Tumult Analytics’ privacy promise#
This topic guide outlines the “privacy promise” provided by Tumult Analytics,
along with its caveats. This guarantee is based on one of the core abstractions
of Tumult Analytics: Sessions
.
At a high level, a Session allows you to evaluate queries on private data in a way that satisfies differential privacy. When creating a Session, private data must first be loaded into it, along with a privacy budget. You can then evaluate queries on your private data, consuming at most the privacy budget provided at initialization time.
The privacy promise in more detail#
A Session
is initialized with:
one or more private data sources (data you wish to query in a differentially private way);
one or more public data sources (data that does not require privacy protection, but may be used as auxiliary input to your computation);
a privacy definition along with its associated privacy parameters (e.g. tutorials use PureDBBudget, corresponding to pure differential privacy, and Tumult Analytics also supports zero-concentrated differential privacy).
After initialization, the Session guarantees that the answers returned by
calling evaluate()
to evaluate queries
satisfy the corresponding privacy definition with respect to the private data,
using the specified parameters. For example, a Session initialized with
PureDPBudget(1)
provides \({\varepsilon}\)-differential privacy with
\({\varepsilon}=1\).
Subtlety 1: unit of protection#
In the simplest case, the privacy guarantee from a Session
prevents an attacker from learning whether one individual row was added or removed in each private dataset – the AddOneRow
protected change.
If the data of a single individual can span multiple rows in the same private dataset, then this individual is not covered by the privacy promise, only individual rows are.
If you know that a single individual can appear in at most k rows in an input dataset, you can load that dataset into a Session using a different value for the protected_change
parameter.
For example, using AddMaxRows(k)
will cause Tumult Analytics to hide the addition or removal of up to k rows at once from the corresponding private dataset, providing individual-level protection.
Other possible protected changes are also available, though they are typically only needed for advanced use cases.

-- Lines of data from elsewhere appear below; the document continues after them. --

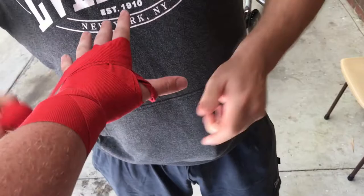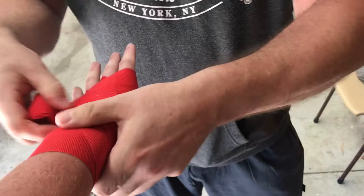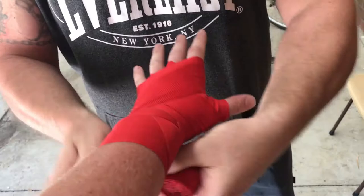From there, under the thumb, get around the thumb, go up there and just do a half one, do a half one so that it doesn't slip off, then you just finish it from the wrist, cross it from the wrist.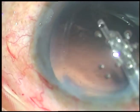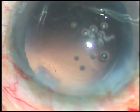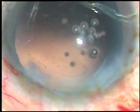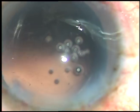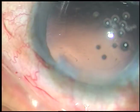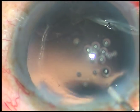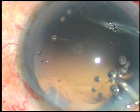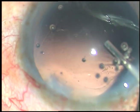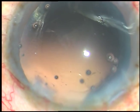So the main reason of zonular dialysis in this case was improper hydrodissection. Hydrodissection was not adequate, and I didn't bother to rotate the nucleus and epinucleus before starting to manage the nucleus.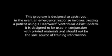This program is designed to assist you in the event an emergency response involves treating a patient using a HeartWare Ventricular Assist System. It is designed to be used in conjunction with printed materials and should not be the sole source of training information.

Because the privacy of individuals depends on how often they appear in a dataset, you should be careful of what kind of pre-processing is done to the private data before loading it into a Session. If you start from a DataFrame where each individual appears in a single record, but this property stops being true before the data is loaded into a Session, then you might not get the expected privacy guarantees.
Subtlety 2: covered inputs & outputs#
A Session only provides guarantees on the private datasets, and this guarantee
only covers data returned by evaluate
calls. Use of the private data in any
other way is not protected by the Session.
This means that you should not directly use private data; instead, you
should only access it indirectly by executing
evaluate()
on well-specified queries. In
particular, public sources and parameters like groupby
information or
clamping bounds are not protected. They can reveal private information if the
private data is used directly to determine them.
Subtlety 3: adversarial model#
Tumult Analytics, and in particular the Session interface, is designed to make it easy to obtain expected differential privacy guarantees, and difficult to accidentally break these guarantees. However, this library was not designed to defend against actively malicious users. In particular:
Do not inspect the private state of a Session or other objects. The privacy guarantees of a Session only apply to the public API. Inspecting a Session’s private state and using this information to tailor your analysis workflow will break the privacy guarantee.
Do not use
map()
orflat_map()
operations with side-effects. These operations allow you to transform data using arbitrary user-defined functions (UDFs). When using map or flatmap, a Session’s privacy guarantee only holds if the UDFs do not have side-effects with externally-observable behaviors. For example, a UDF could be designed to throw an exception if a specific record is found in the data. This would reveal information about the private data and break the privacy promise.Do not release side-channel information. The privacy guarantee only applies to the output of calls to
evaluate()
. Information such as how long a query ran or how much memory it required might reveal private information. Do not use this library in an untrusted context where protection against such side-channels is important.